WCRP-CMIP / CMIP6_CVs

Controlled Vocabularies (CVs) for use in CMIP6
Creative Commons Attribution 4.0 International
159 stars 80 forks source link

Frequency missing: monPt #413

Closed martinjuckes closed 7 years ago

martinjuckes commented 7 years ago

There are 4 variables in the request which are specified as monthly values with time: point: sistrave, sistrmax, sishevel, sidivvel.

Can you add monPtto the frequency CV?

durack1 commented 7 years ago

@martinjuckes thanks for the tipoff. We've also got some yrC (yearly climatology) data for another satellite project (input4MIPs) so will discuss with @taylor13 to see if the inclusion of these two new frequencies can be fast-tracked.

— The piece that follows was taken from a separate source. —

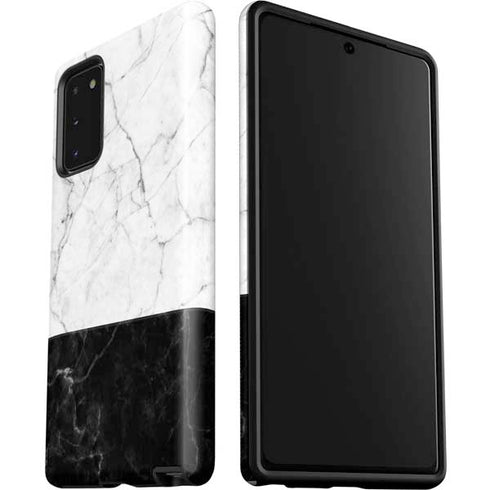 Marble Split Galaxy Note20 5G Pro Case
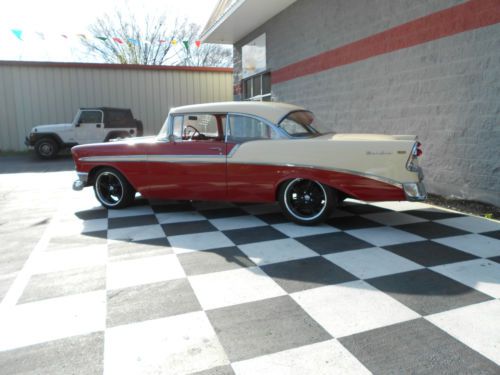 1956 CHEVROLET BEL-AIR, image 7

@martinjuckes do you foresee any other required changes in the pipeline?

taylor13 commented 7 years ago

Before adding this frequency, we need confirmation that this is really what they want (and what their justification is). The four variables are:

sistresave -- average normal stress in sea ice (first stress invariant) -- SN = average_normal_stress sistremax -- Maximum shear stress in sea ice (second stress invariant) -- SN = maximum_shear_stress sishevel -- Maximum shear of sea-ice velocity field (second shear strain invariant) -- SN = maximum_shear_of_sea_ice_velocity sidivvel -- Divergence of sea-ice velocity field (first shear strain invariant) -- SN = divergence_of_sea_ice_velocity

Only the last variable has an accepted standard name. The other standard names have not been accepted (and I think they are probably unacceptable -- shouldn't include words like "mean" and "maximum"; that's indicated by cell_methods.)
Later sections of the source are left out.